Church of Evangelical Christians-Baptists (Церковь Евангельских Христиан-Баптистов) (also widely known as Lutheran Church in Novocherkassk, Лютеранская кирха в Новочеркасске) ― the largest Protestant (Baptist) church in the city of Novocherkassk, Rostov Oblast, Russia. It was built in 1898 on the project of architect N.I. Roller. The church is considered to be an architectural monument of cultural heritage of regional importance.

== History ==
In Novocherkassk, just as well as in the entire European part of Russia, since the 18th century had been living many Germans who were invited to settle there. All of them were engaged in various crafts: many were doctors, others were architects, merchants, officers. Most of them were Protestants, and this caused some difficulties for them: in many places, they simply had no place for worship. At the end of the 19th century, in order to solve this problem in Novocherkassk, the local authorities decided to designate a piece of land in the city for the construction of a Lutheran church. The church was constructed in 1898 on the project of architect Nikolai Ivanovich Roller in Neo-Gothic style, which was typical for Germany. The building has one belltower. The facade of the church resembles the traditional features of Medieval architecture.

Before the October Revolution, the church had not only been a place of worship: it was also an important cultural center of the city. The building was often used as a concert hall.

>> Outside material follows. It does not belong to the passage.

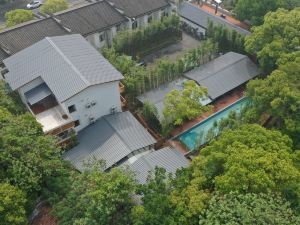 Wuxi Village Banzhuyuan Homestay (Lingshan Giant Buddha Nianhuawan Branch)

In 1930 the church was closed on the order of Soviet authorities. During the Second World War, when Novocherkassk was occupied by the Wehrmacht, it was opened. After the war the church was again closed and it was used as a warehouse. In the 1970s, the building was completely abandoned and littered. In 1990 the church building was handed over to the community of Evangelical Christians—Baptists, although in the past it had belonged to the Lutheran community. In 1992 the building was listed in the register of cultural values of the Rostov region. In 1994 it also was renovated at the expense of the Baptist congregation and has been active since then.